DESCRIPTION OF THE TASK. Copy every line from the records below that holds the word "Road".

Crawled caption data:

══════════════════════════════

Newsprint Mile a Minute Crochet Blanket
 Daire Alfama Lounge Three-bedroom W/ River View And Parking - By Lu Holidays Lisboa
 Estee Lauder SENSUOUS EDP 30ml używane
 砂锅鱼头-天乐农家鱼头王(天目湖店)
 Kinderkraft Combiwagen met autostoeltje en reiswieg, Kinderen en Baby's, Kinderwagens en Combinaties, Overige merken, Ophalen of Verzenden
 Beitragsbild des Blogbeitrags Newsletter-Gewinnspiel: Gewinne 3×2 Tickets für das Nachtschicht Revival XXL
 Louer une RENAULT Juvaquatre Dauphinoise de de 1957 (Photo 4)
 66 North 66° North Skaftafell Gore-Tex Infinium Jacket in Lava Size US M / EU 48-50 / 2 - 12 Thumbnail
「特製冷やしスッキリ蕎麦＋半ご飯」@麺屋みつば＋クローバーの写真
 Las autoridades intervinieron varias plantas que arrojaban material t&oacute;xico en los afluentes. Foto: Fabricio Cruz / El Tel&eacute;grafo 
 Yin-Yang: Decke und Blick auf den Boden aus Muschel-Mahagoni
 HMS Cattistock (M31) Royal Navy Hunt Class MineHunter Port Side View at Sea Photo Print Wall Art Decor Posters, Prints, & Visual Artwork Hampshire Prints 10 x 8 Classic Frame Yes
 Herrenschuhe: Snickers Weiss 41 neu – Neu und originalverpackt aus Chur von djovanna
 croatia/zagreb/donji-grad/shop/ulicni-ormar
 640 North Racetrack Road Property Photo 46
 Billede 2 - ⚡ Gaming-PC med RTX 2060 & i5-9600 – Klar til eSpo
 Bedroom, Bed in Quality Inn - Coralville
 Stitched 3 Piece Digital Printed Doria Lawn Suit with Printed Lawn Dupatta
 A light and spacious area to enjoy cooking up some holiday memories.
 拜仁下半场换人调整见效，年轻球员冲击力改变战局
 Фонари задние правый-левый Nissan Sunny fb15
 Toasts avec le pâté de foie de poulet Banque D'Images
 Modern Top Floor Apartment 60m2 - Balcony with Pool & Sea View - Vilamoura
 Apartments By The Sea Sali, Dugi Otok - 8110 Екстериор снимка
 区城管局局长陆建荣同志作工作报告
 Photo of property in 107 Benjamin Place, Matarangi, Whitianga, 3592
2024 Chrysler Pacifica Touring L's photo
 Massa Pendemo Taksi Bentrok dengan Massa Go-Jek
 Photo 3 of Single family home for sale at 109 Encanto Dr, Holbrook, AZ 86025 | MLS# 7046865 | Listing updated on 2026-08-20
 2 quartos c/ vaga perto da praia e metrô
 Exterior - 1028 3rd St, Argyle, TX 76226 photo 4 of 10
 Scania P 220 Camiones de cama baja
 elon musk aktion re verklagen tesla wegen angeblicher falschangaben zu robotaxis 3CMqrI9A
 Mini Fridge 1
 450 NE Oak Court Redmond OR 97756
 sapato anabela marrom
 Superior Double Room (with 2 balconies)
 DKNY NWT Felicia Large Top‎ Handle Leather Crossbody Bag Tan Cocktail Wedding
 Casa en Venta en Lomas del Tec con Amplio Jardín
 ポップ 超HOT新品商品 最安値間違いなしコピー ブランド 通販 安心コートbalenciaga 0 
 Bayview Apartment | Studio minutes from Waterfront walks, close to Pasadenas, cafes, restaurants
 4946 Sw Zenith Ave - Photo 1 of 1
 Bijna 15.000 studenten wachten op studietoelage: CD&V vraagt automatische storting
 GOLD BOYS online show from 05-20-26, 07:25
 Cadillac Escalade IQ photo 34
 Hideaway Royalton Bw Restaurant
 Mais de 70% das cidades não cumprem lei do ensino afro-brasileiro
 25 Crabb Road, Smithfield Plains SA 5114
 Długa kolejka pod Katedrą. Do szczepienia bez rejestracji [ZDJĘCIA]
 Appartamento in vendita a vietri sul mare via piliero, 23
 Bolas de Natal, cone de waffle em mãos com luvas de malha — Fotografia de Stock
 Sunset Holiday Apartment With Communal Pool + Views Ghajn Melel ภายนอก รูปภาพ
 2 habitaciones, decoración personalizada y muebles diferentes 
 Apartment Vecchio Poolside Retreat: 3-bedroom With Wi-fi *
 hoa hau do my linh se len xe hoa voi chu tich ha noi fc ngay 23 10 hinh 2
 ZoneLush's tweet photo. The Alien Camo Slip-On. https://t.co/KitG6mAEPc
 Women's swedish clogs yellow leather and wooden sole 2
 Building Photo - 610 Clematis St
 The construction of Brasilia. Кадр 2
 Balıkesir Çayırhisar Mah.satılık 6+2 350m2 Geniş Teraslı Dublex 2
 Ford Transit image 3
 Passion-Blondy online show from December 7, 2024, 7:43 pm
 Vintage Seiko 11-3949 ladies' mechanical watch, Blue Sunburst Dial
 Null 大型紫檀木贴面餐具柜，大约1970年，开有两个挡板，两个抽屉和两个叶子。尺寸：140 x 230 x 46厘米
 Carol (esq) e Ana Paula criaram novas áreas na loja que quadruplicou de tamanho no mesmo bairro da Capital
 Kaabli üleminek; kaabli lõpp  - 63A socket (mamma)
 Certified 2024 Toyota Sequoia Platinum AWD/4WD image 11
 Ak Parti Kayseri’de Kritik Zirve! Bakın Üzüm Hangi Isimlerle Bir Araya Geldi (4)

══════════════════════════════

PROBLEM SOLUTION.
 640 North Racetrack Road Property Photo 46
 25 Crabb Road, Smithfield Plains SA 5114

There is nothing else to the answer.